Aimed towards retailers trying to get people to buy more. The secrets basically boil down to:

- people need to enter your shop, so don't block them
- they shouldn't be scared off, so don't make them see big lines
first thing
- they need to be able to find products, so have big legible high-contrast signs in good places
- annoying your customers is not productive, so make sure they don't have to stand too long in line. Two minutes is pushing it.
- affordances and signifiers -- these words were not in the book but were all around the subtext
- more time in the store means more sales
- Wal-Mart greeters are an antitheft mechanism
- the Internet is a lousy place to sell things, it doesn't work and it's too slow and they have weird problems and it's not really shopping.

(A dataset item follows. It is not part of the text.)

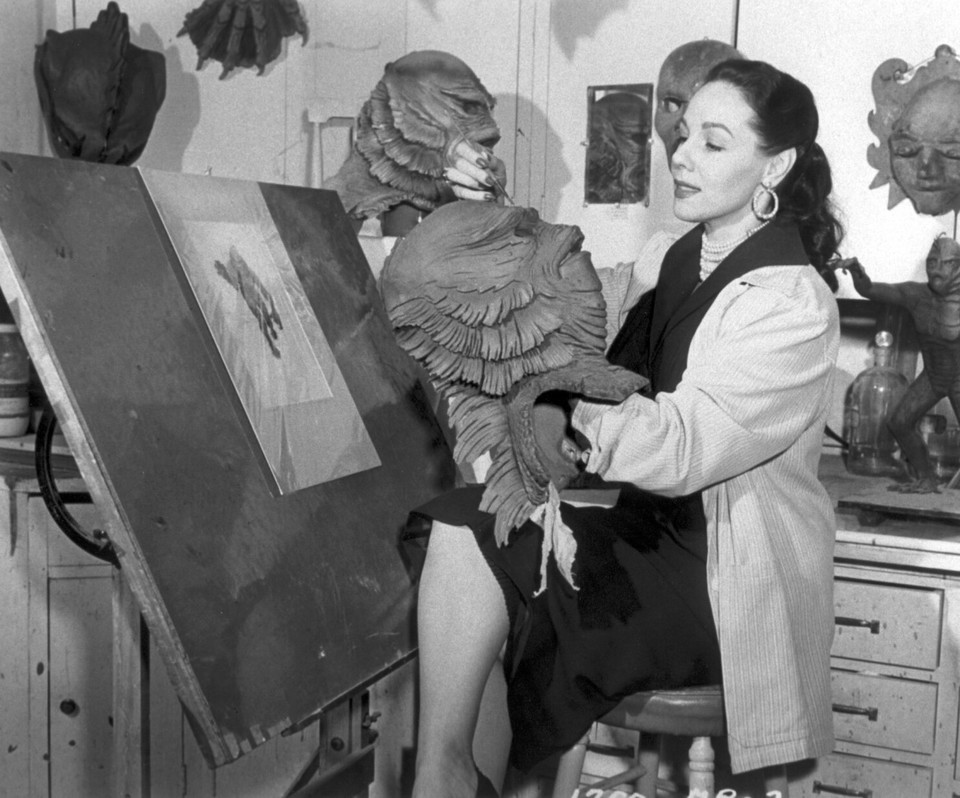 Milicent Patrick poses in the Universal Studios monster shop with her most famous creation: the Creature from the Black Lagoon.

(Book copyright date is 1999)

Overspecialized experts

Date: 2009-07-21 02:52 pm (UTC)
From: [identity profile] metageek.livejournal.com
and it's not really shopping.

This is what happens when someone who knows too much about a field is confronted with a disruptive technology.

(no subject)

Date: 2009-07-21 04:53 pm (UTC)
From: [identity profile] ladymacgregor.livejournal.com
"the internet is not really shopping"

Depending upon your definition of "shopping," I can agree with this. I "shop" when I go to . . . oh, Macy's, for example, wanting "a dress for the office party" (note vague description). I look through all their racks, try on wayyyyyy too many dresses, and finally (I hope) come home with one or two that fit and are suitable for the purpose.

On the Internet, I go and buy specific things - a book I want, a bracelet I saw in a catalog - but the "shopping" experience is not the same. You can do *research* on the Internet, but for the true shopping experience, you need, well, a shop.